Lücken haben etwas Fatales. Wo sich eine auftut, ist irgendetwas nicht in Ordnung, nicht perfekt. Und wer will schon in einer unperfekten Welt leben? Folglich sind umgehend „der Gesetzgeber" wahlweise „die Politik" gefordert, sich um diesen und jenen Lückenschluss zu kümmern. Das Ansinnen, jeden Einzelfall zu regeln, ist längst Alltagsroutine im politischen Forderungsgeschäft.
Herausgekommen sind Regelungsgeflechte, die immer öfter Lähmungserscheinungen hervorbringen. Eindrucksvoll zu besichtigen ist das etwa an dem dicken Schinken, den unlängst Innenminister Bouillon zur Klärung interkommunaler Zusammenarbeiten vorgelegt hat. Fast schien es, als sei der Schinken nur gemacht, um alle Widerborstigen damit zu erschlagen. Tatsächlich könnte er zum Gegenteil führen.
Die Detail-Regelungswut für alles und jeden kann in den Wahnsinn treiben. Einfaches Abitur reicht zum Ausfüllen von Bafög-Anträgen kaum aus, Rentner leben in Sorge, wenn sie ausfüllen müssen, was zum Abzug von der Rente anzugeben ist. Pfleger bräuchten einen Pfleger, der pflegt, während sie Formulare ausfüllen, Lehrer einen assistierenden Rechtsanwalt, um alle Fallen zu umzuschiffen. Womit die Aufzählung mangels Platz abgebrochen wird.
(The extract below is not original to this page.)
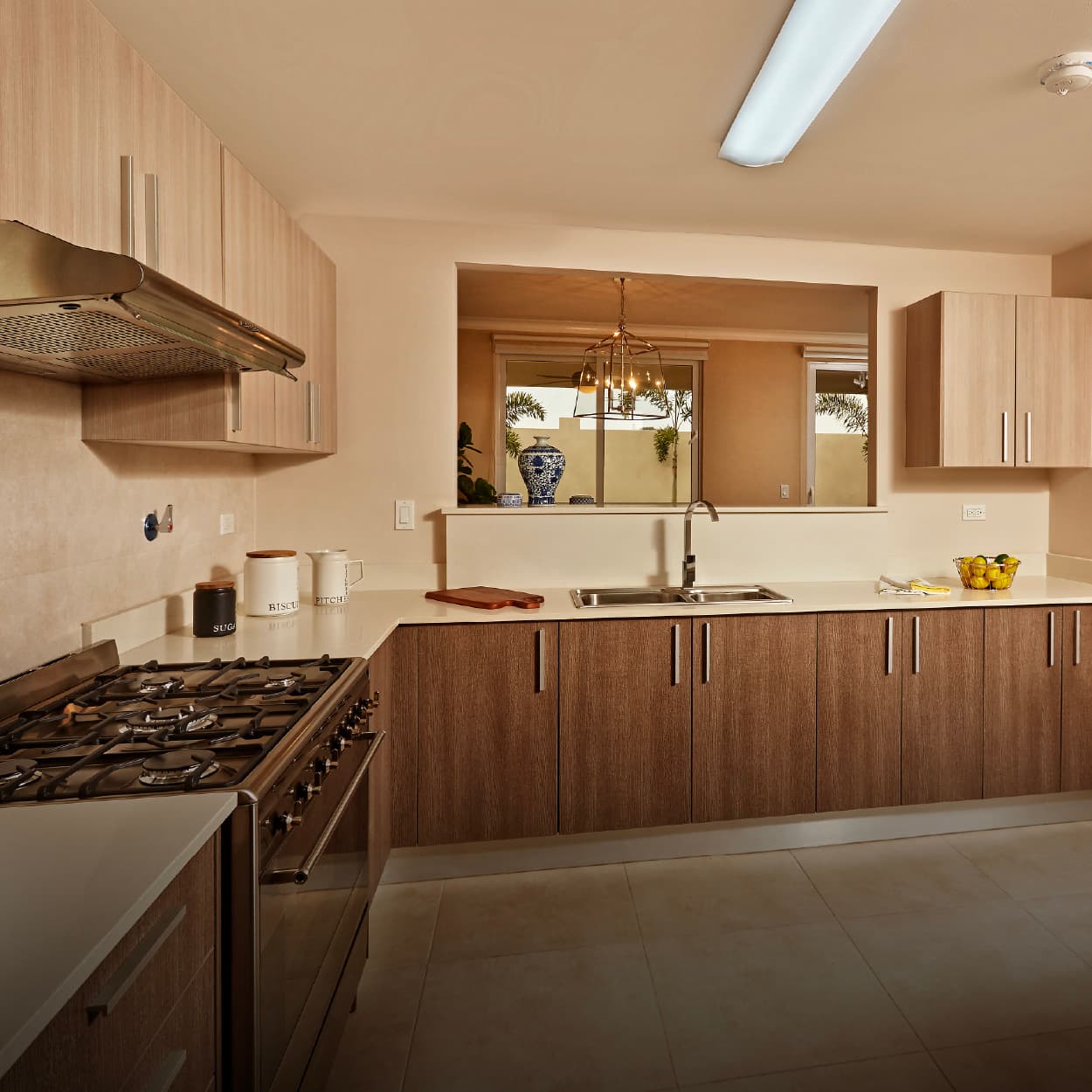 Kitchen with wood cabinets in a Bosques del Pacifico home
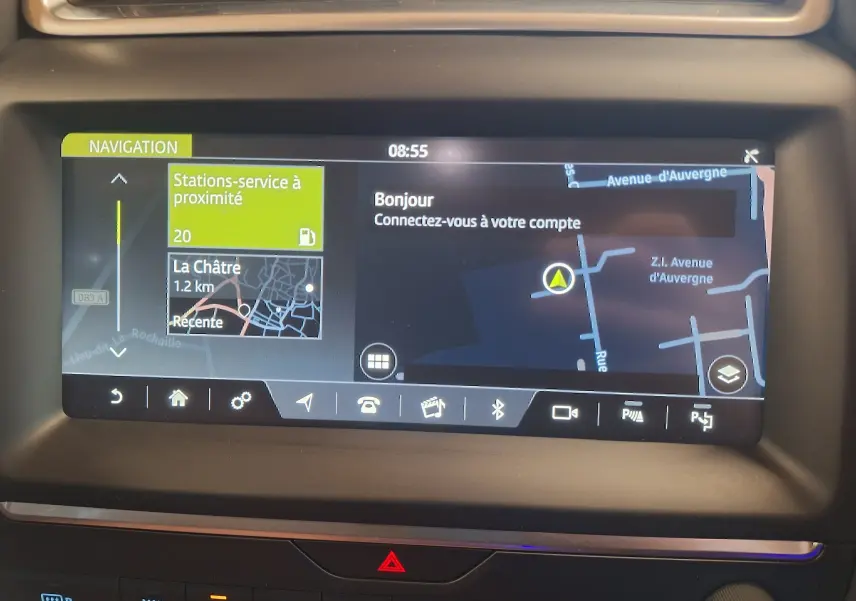 Écran tactile de navigation du Jaguar E-PACE blanc, affichant une carte avec stations-service à proximité.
Ja, die Welt ist komplizierter geworden, und wir haben mit unserer Einzelfall-Regelungswut erheblich dazu beigetragen, dass wir uns selbst auf oft unsicherem Terrain bewegen. Was wiederum den Ruf nach noch mehr Regelungen beflügelt, vor allem natürlich, um das Verhalten anderer zu regeln. Man kann das als überbordenden Egoismus interpretieren. Man könnte darin aber auch einen gewaltigen Vertrauensverlust sehen. Die Forderung nach immer neuen Detailregelungen schafft mehr Bürokratie und gleichzeitig in vielen Bereichen weniger menschlichen Umgang. Wenn zugleich große Fragen wie Abgasskandal, sichere Renten, Energiewende und viele andere über Jahre nicht gelöst werden, darf sich niemand über Vertrauensverluste wundern. Detailfragen anzugehen ist verführerisch, notwendig ist jedoch mehr Mut zur Lücke im Kleinen, dafür aber sichtbare Ergebnisse im Großen, die Vertrauen schaffen. Manche Suche nach Lückenbüßern könnte sich dann vielleicht erübrigen.